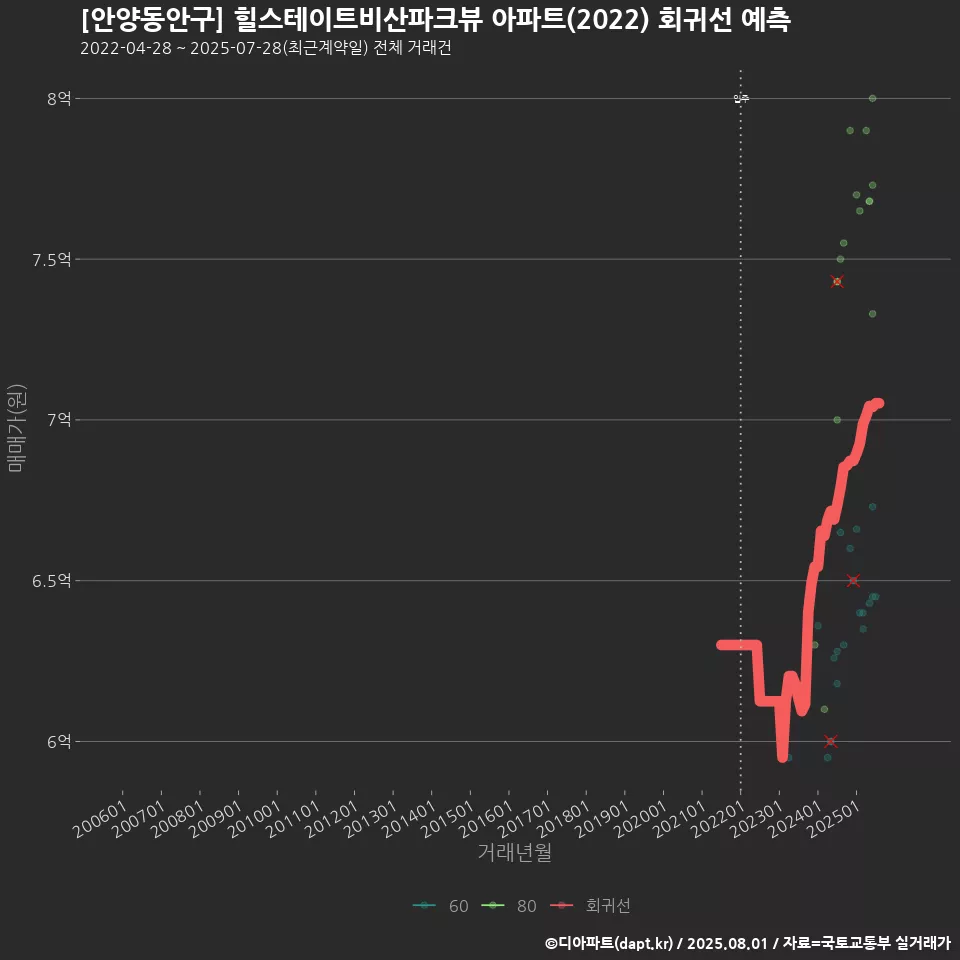 [안양동안구] 힐스테이트비산파크뷰 아파트(2022) 회귀선 예측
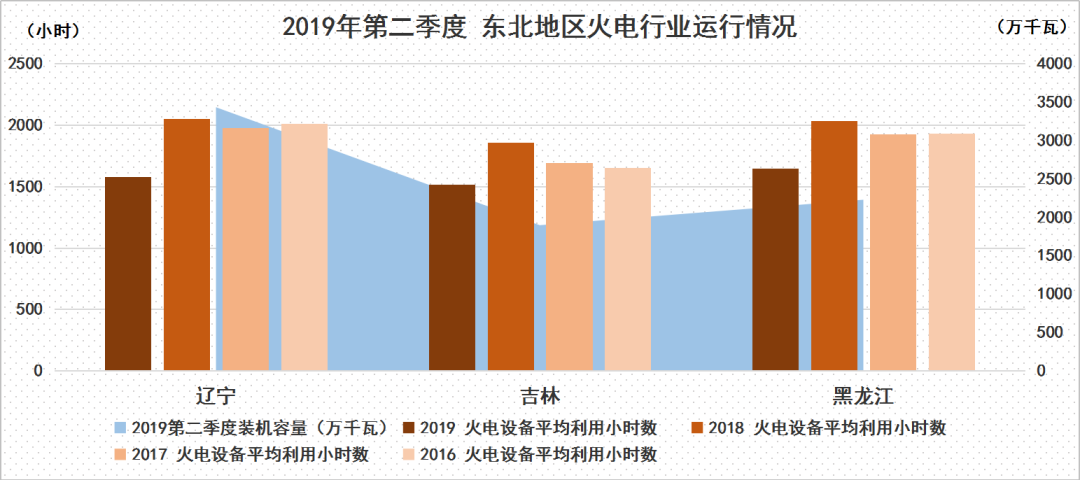 2019吉林gdp_吉林雾凇图片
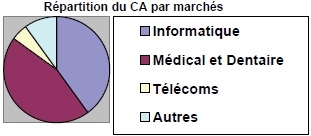 Répartition du CA par marchés
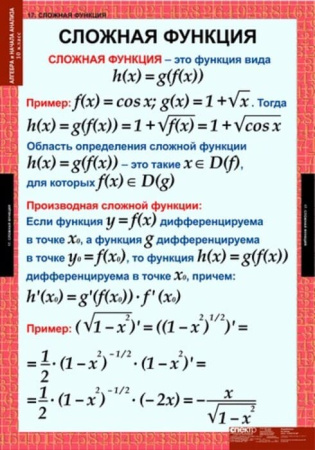 Алгебра и начала анализа (Комплект таблиц 17 шт. Математика 10 кл.) 5-8516-014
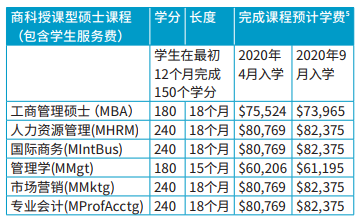 奥克兰大学学费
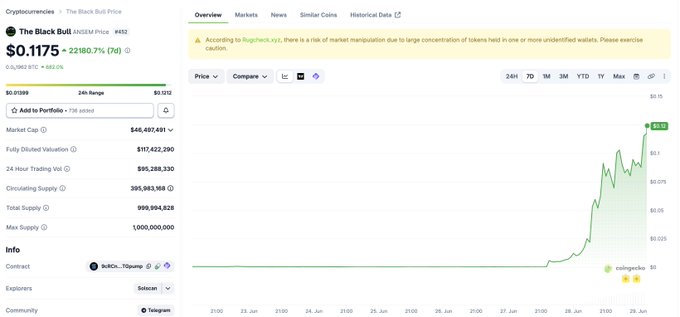 The image shows a cryptocurrency price tracker for "The Black Bull" token ($BlackBull), priced at $0.1175 with a massive 21,180.77% gain, a market cap of $46,497,491, and a warning flag from RugCheck.xyz indicating risk of market manipulation due to concentrated token holdings. The chart depicts a steep upward price spike, supporting the post's point that meme tokens with minimal underlying technology can achieve valuations rivaling legitimate ecosystems like Solana's DeFi.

About this task |
Set down every record word for word and leave out the pictures.

Solution for this problem |
 [안양동안구] 힐스테이트비산파크뷰 아파트(2022) 회귀선 예측
 2019吉林gdp_吉林雾凇图片
 Répartition du CA par marchés
 Алгебра и начала анализа (Комплект таблиц 17 шт. Математика 10 кл.) 5-8516-014
 奥克兰大学学费
 The image shows a cryptocurrency price tracker for "The Black Bull" token ($BlackBull), priced at $0.1175 with a massive 21,180.77% gain, a market cap of $46,497,491, and a warning flag from RugCheck.xyz indicating risk of market manipulation due to concentrated token holdings. The chart depicts a steep upward price spike, supporting the post's point that meme tokens with minimal underlying technology can achieve valuations rivaling legitimate ecosystems like Solana's DeFi.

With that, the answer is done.